Reproduce the tail of the data exactly. It starts at the line containing "2025 Toyota Corolla Cross Hybrid SE" and runs to the last line.
[Start of Attachment]
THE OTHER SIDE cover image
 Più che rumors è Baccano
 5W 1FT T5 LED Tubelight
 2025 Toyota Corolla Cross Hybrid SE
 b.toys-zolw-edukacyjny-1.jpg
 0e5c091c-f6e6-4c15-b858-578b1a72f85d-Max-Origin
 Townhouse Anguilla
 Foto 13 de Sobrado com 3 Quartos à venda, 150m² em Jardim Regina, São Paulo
[End of Attachment]
§ Reply to the exercise:
 2025 Toyota Corolla Cross Hybrid SE
 b.toys-zolw-edukacyjny-1.jpg
 0e5c091c-f6e6-4c15-b858-578b1a72f85d-Max-Origin
 Townhouse Anguilla
 Foto 13 de Sobrado com 3 Quartos à venda, 150m² em Jardim Regina, São Paulo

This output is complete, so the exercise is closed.